Although South Korean defense and security officials were purportedly seeking – but did not get – a new nuclear planning group at last week’s SCM, the meeting did show a new level of focus and agreement on the need to tighten planning, consultation, and the discussion of continencies and options in the face of an increasingly unstable peninsular environment. Nevertheless, what matters most is how each side interprets those commitments and moves to implement them.
There are reasons to be skeptical. First, various alliance consultative mechanisms proliferated over the last decade, which were meant, in part, to enhance extended deterrence vis-à-vis North Korea and reassure Seoul regarding the credibility of that commitment.
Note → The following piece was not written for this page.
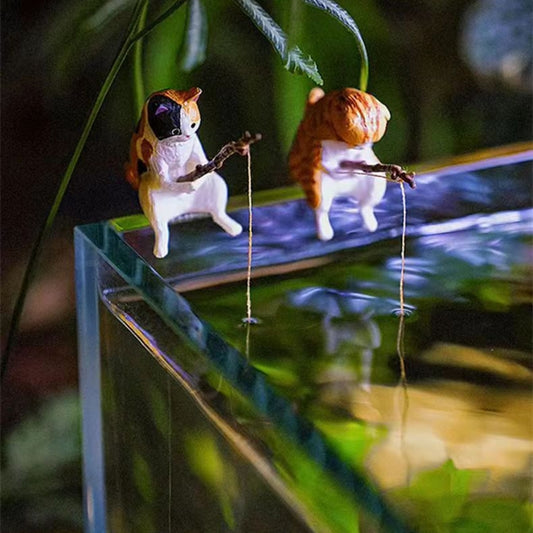 Tiny Fishing Cat Figurine Set – Sets of 5, 7, or 12 Cats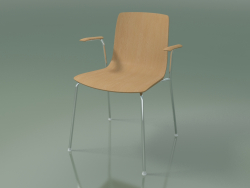 Chair 3907 (4 metal legs, with armrests, oak)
Instead, North Korea has steadily advanced its capabilities and been more brazen in its willingness to test the alliance. Meanwhile, Seoul’s doubts have only worsened. Put simply, the creation of deeper consultative mechanisms to strengthen extended deterrence got us to the point of needing more consultative mechanisms to further strengthen extended deterrence.
Second, we cannot divorce these developments from the broader political context. The alliance was profoundly damaged by four years under President Donald Trump. The recent uptick in alliance consultation does not change that fact. Trump supported the idea of South Korea (and Japan) getting its own nuclear weapons while simultaneously denigrating the alliance. By all indications, Trump is on the verge of announcing his candidacy for 2024. Even if we assume the recent pronouncements at the SCM indeed mark a fundamental change in the level and depth of alliance consultation, how would they hold up during a second Trump administration?
Currently, the alliance uses measures and messaging that, by all appearances, not only lack credibility in Pyongyang’s eyes but also provides it the justification it needs to execute its own tit-for-tat retaliatory measures. With self-defense increasingly framed in terms of preemption by both Seoul and Pyongyang and former South Korean commanders openly promoting development of Seoul’s nuclear latency, there is an increasing risk of misperception, miscalculation, and sudden escalation. Under these circumstances, continuing to mouth truisms simply won’t do.